Berta seated on an ammo crate and halfway into a protein bar she claimed was chocolate but looked like compressed asphalt, perked up.

"Another warband, Sir? Didn't we just kill the last bunch of days ago?"

"They must really like dying," Gino added, sharpening his bayonet like he had plans for it tonight.

Reed just sighed. "Brass wants all of you to recon. Track their path. Confirm if they're nesting somewhere. You're not engaging unless necessary."

"Define 'necessary,' Sir," I asked, arms crossed.

"If they attack first, or you see something worth bombing the shit out."

Foster raised a hand. "Sir, do we get a drone this time or are we supposed to throw rocks and hope?"

Reed ignored him. "You're moving out in one hour. Kit up. We need to know what's drawing them here."

Then he turned and left, like some NPC in a game who dropped the quest and vanished into the fog.

"Habitat, huh?" Dan said, slinging his rifle and glancing my way. "So that means there's more than just a warband. Maybe a whole damn colony."

"Or breeding ground," Kate added helpfully, checking her mags. "You know, if you're into that sort of thing."

Berta made a sound somewhere between a snort and a growl. "I swear to god, if I see an orc nursery, I'm gonna light that shit up like it owes me money."

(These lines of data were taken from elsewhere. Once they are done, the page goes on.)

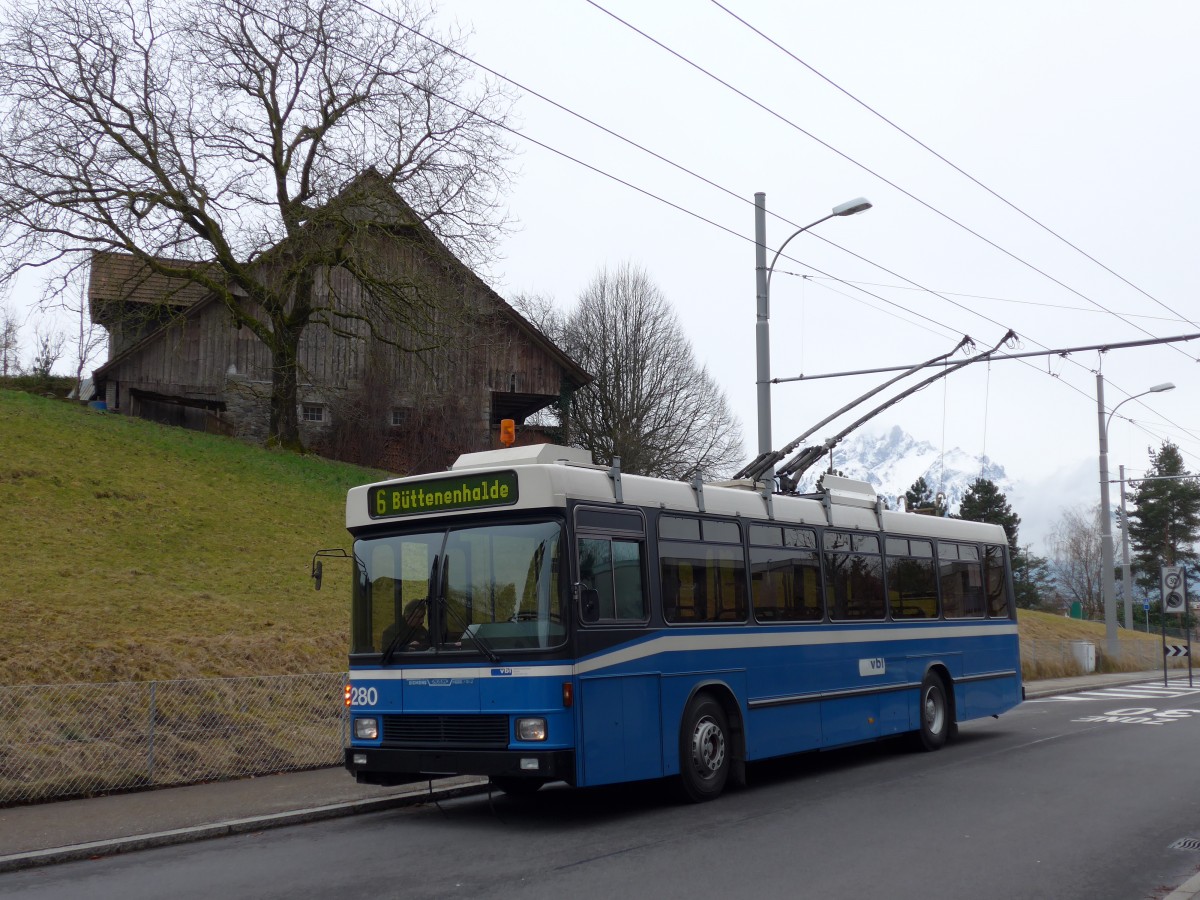 (148'998) - VBL Luzern - Nr. 280 - NAW/R&J-Hess Trolleybus am 16. Februar 2014 in Luzern, Eggen
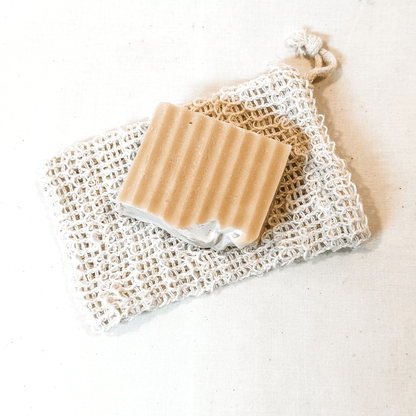 Our goat's milk soap with a sisal soap saver bag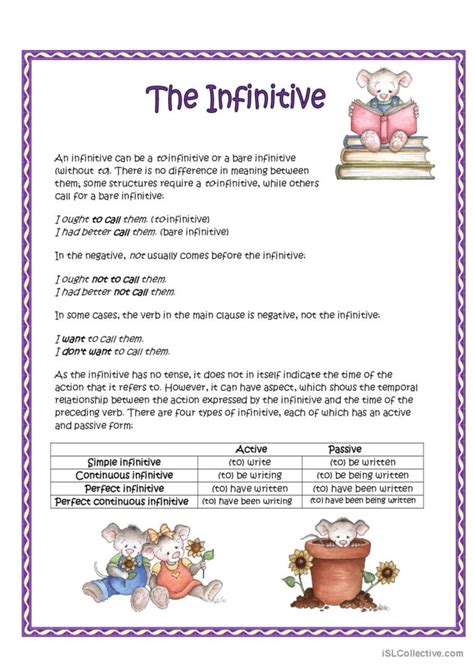 The Infinitive Grammar Guide English Esl Worksheets Pdf And Doc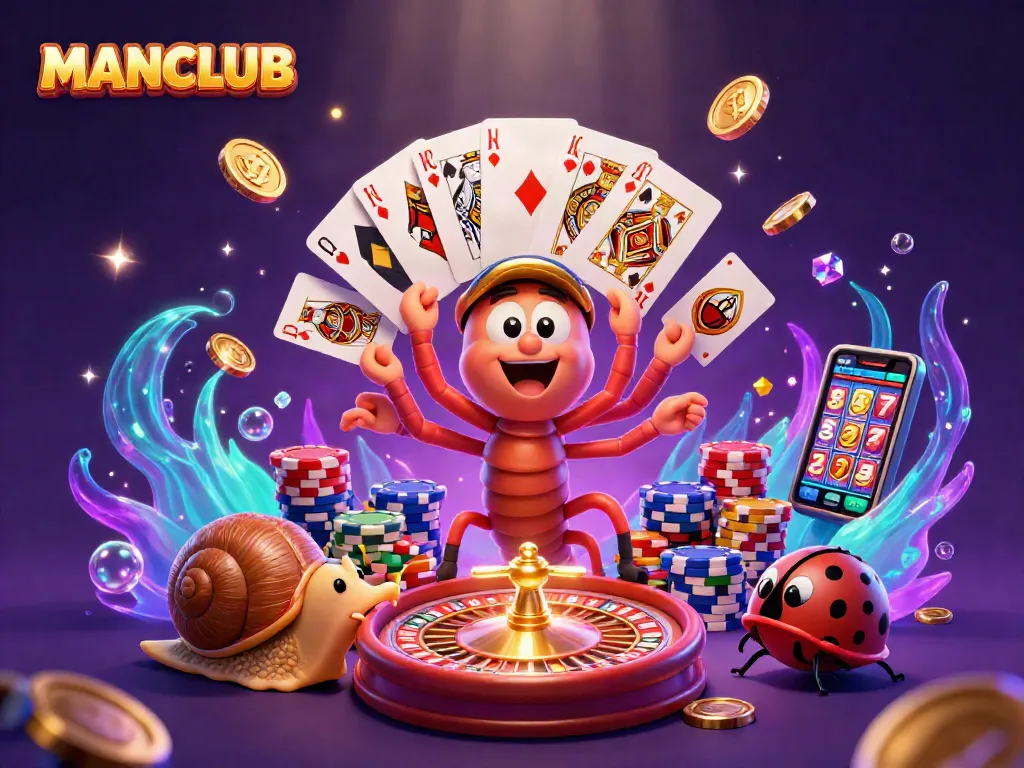 Engage with the thrilling MANCLUB casino experience as vibrant characters deal cards and spin reels.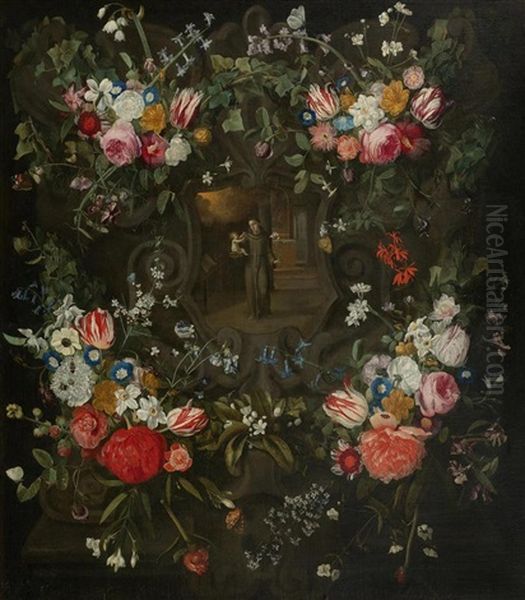 Heiliger Antonius Mit Christuskind Im Blumenkranz Oil Painting by Jan Philip van Thielen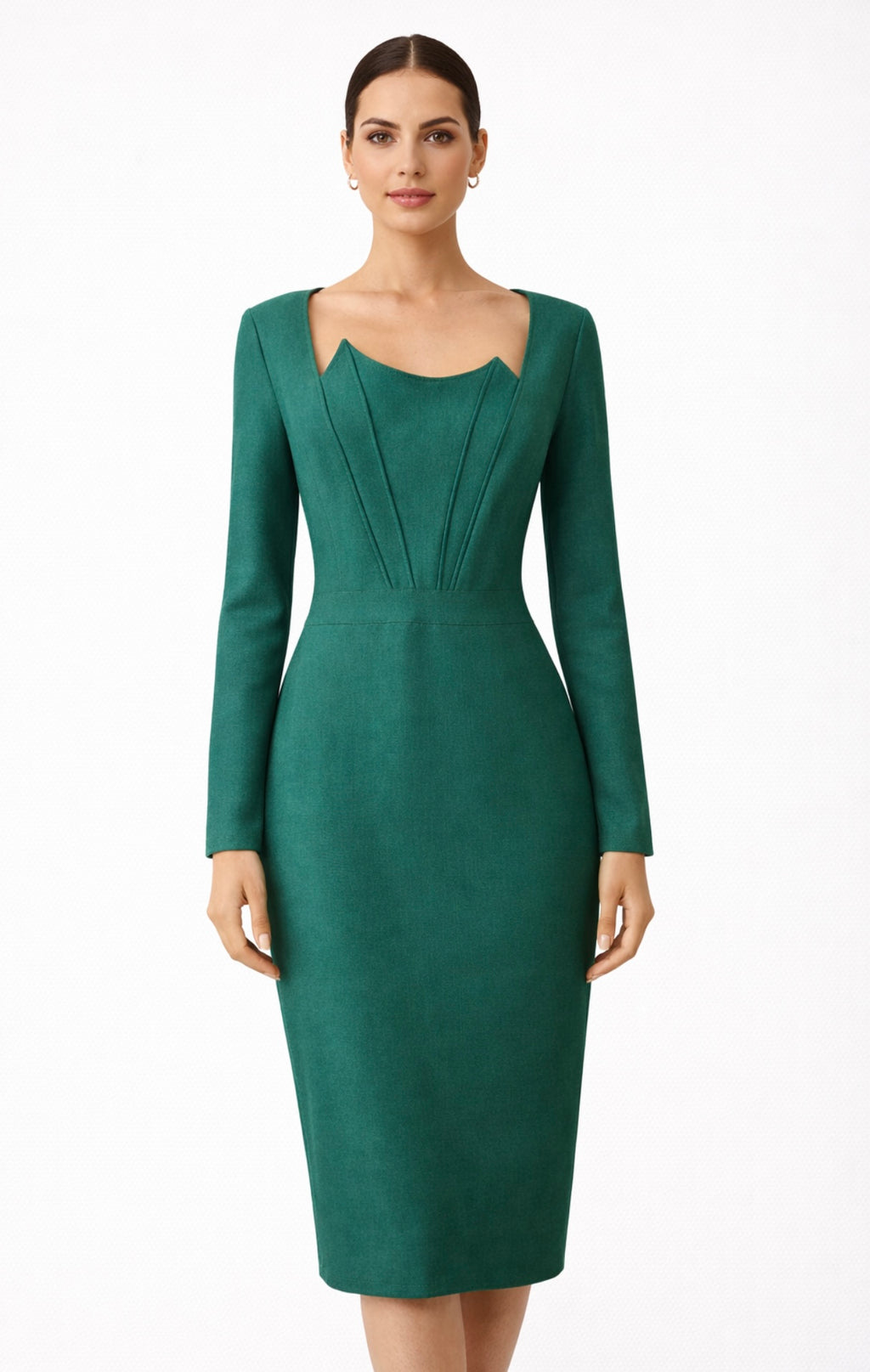 Sculpted Sweetheart Bandage Dress Emerald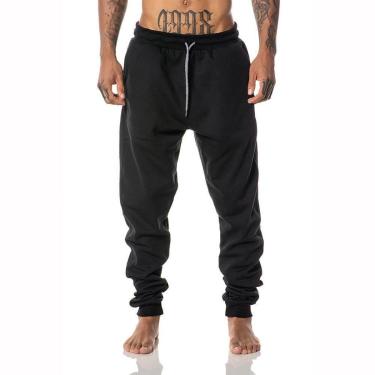 Imagem de Calça Moletom Masculina Preta Jogger Cargo Conforto Bolsos-Masculino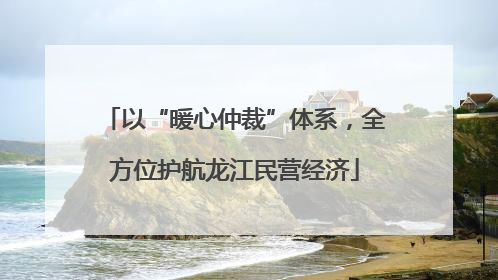 以“暖心仲裁”体系，全方位护航龙江民营经济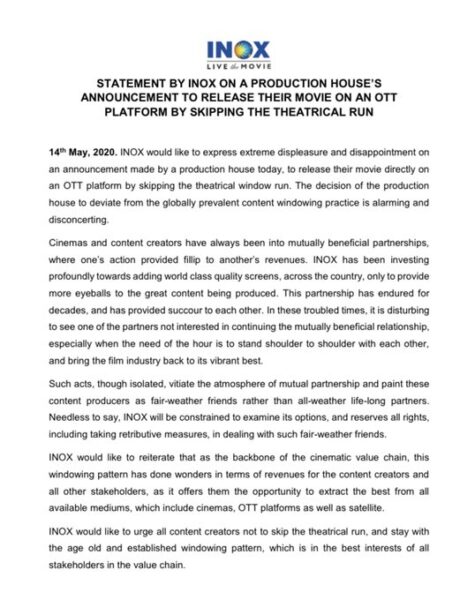 INOX Opposes Release Of Bollywood Movies On OTT Platforms, Gets Slammed By Twitter - RVCJ Media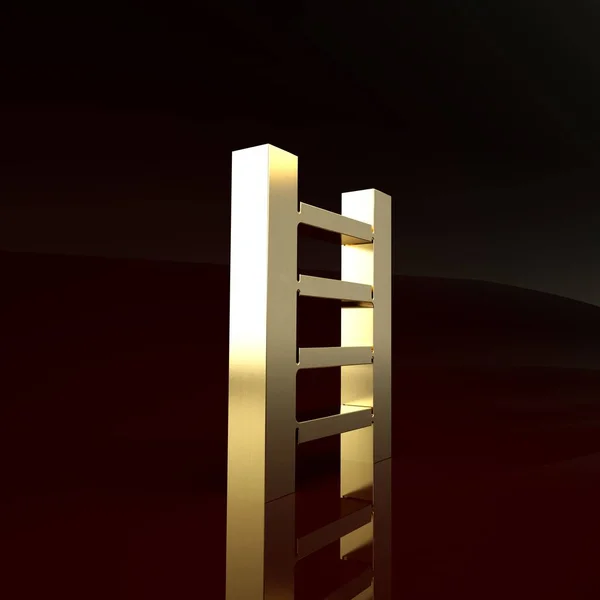 Kahverengi arka planda izole edilmiş altın ahşap merdiven ikonu. Minimalizm kavramı. 3d illüstrasyon 3d canlandırma — Stok fotoğraf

"That's the most motherly thing you've ever said," I muttered. "And here I thought you'd fuck an Orc too."

She gave me a wink. "Thanks, dad. But I'm not exactly into fucking another species. But I hear you're used to handling Orc cocks. Is that your thing?"

I resisted the urge to walk off the side of the building.

We then got geared up like usual. Ammo, rations, masks — though we were hoping this wouldn't turn into another gas party. The rest of the squad looked like they were itching for a fight. Not because they were bloodthirsty or brave, mind you. More like bored to death and wanting something to shoot at that didn't involve canned rats or arguing over how to boil rations faster.

I stared out toward the edge of the city, where the smoke of yesterday's skirmishes still floated above the horizon like a bruise that hasn't healed yet.

A habitat meant roots. It meant permanence. Which meant this wasn't just raiders passing through.

This was their home.

And we were about to kick the door in.